Ich habe mal eine Skizze angefügt.

Erste Kammer mit Sifi 3 (habe ich schon hier) zur mechanischen Vorreinigung,
danach 2 Kammern mit 80cm Bürsten je 75 Stück wegen der günstigen Reinigung der Bürsten.
4 Kammer Helix 300 Liter bewegt. Letzte Kammer als Reserve, falls ich nach 
den Bürsten doch mal Japanmatten einbauen will. Alle IBC werden mit je 3 x 110mm KG Rohren verbunden
und sollen die Filtermedien von unten nach oben durchströmen.

Durch den Sifi Ablauf wird in der ersten Kammer ein 160mm Rohr auf 2 110mm aufgesplittet.

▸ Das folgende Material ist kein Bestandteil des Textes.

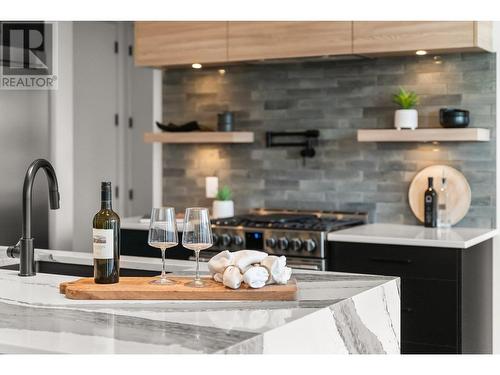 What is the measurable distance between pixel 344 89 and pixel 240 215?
105cm

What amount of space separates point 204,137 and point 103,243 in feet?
9.32

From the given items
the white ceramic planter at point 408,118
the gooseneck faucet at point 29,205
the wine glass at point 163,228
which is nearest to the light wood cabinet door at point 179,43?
the white ceramic planter at point 408,118

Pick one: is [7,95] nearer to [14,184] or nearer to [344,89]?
[14,184]

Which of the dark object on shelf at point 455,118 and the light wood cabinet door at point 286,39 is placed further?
the light wood cabinet door at point 286,39

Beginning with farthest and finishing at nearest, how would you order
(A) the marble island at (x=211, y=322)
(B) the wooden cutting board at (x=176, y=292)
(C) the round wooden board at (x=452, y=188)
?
1. (C) the round wooden board at (x=452, y=188)
2. (B) the wooden cutting board at (x=176, y=292)
3. (A) the marble island at (x=211, y=322)

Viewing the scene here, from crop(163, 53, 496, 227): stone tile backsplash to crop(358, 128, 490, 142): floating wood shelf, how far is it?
0.18 meters

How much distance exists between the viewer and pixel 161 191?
5594mm

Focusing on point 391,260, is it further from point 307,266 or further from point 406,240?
point 307,266

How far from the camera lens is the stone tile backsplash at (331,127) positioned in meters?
4.54

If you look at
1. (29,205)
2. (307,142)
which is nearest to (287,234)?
(307,142)

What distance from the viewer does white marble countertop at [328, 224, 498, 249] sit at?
401 centimetres

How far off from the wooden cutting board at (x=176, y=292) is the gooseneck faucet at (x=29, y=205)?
1.57 ft

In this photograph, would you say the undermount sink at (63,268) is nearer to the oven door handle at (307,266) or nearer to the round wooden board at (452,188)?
the oven door handle at (307,266) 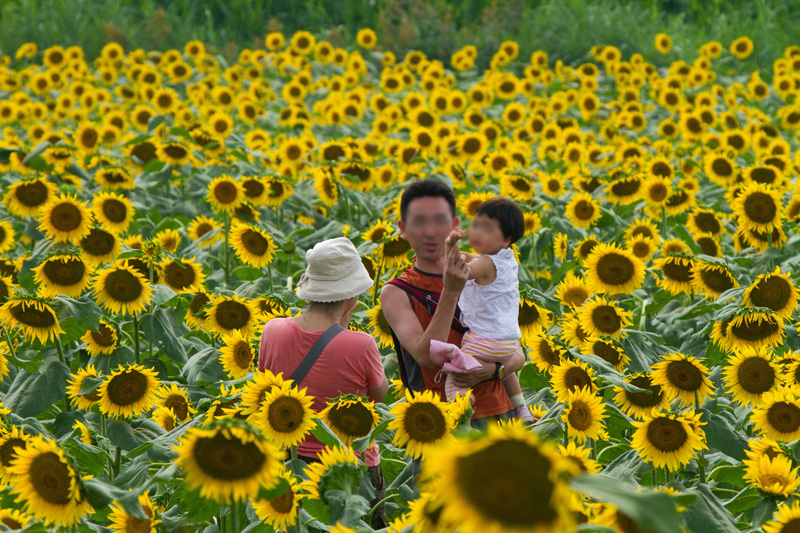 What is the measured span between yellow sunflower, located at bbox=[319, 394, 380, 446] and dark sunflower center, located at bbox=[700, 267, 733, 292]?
205cm

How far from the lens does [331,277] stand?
9.33 feet

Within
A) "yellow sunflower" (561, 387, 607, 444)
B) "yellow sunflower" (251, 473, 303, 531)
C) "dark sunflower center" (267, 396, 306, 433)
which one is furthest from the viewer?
"yellow sunflower" (561, 387, 607, 444)

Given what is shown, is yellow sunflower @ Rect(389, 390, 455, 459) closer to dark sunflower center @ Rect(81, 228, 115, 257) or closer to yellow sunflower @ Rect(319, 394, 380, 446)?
yellow sunflower @ Rect(319, 394, 380, 446)

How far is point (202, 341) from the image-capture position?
416 cm

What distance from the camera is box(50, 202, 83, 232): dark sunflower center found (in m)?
3.91

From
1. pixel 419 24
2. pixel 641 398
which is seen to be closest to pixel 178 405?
pixel 641 398

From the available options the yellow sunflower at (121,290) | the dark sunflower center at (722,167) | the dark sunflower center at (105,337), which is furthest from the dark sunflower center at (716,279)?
the dark sunflower center at (722,167)

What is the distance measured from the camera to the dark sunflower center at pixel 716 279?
12.7 ft

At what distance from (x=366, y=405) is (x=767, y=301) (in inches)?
73.2

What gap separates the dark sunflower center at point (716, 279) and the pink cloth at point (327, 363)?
1771 millimetres

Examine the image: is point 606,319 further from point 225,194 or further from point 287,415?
point 225,194

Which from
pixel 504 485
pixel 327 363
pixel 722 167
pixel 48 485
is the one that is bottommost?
pixel 722 167

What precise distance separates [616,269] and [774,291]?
0.75 meters

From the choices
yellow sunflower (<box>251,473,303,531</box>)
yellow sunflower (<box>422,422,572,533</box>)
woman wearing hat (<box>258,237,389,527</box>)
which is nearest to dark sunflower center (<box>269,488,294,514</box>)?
yellow sunflower (<box>251,473,303,531</box>) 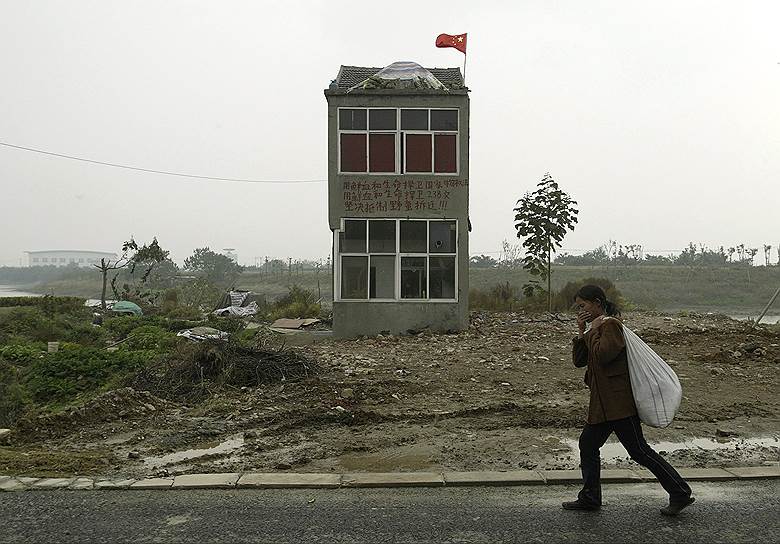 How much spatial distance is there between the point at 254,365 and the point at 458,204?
346 inches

Pumpen sollen zwei regelbare mit je 30.000 l zum Einsatz kommen. Danach dann noch das UVC.

Ich hoffe mein Plan ist soweit stimmig? Oder ist da ein grober Planungsfehler drin?
Der Teich hat 35m³ und zur Zeit ca 35 Koi.

Danke schon einmal für eure Vorschläge.

Sebastian


----------



## teichinteressent (8. Sep. 2018)

Hallo und willkommen,

Warum reinigst du dein Wasser 3 Mal mechanisch? Ein Sieb und 2 Bürsten? Fine ich unnötig.
Wie fein filtert das Sieb?

IIch habe zwar keine IBC, benutze allerdings als erste Kammer aus dem Teich vor dem Sieb eine Regentonne als Absetztonne.
Damit entlaste ich das Sieb enorm, den Dreck will da garnicht haben.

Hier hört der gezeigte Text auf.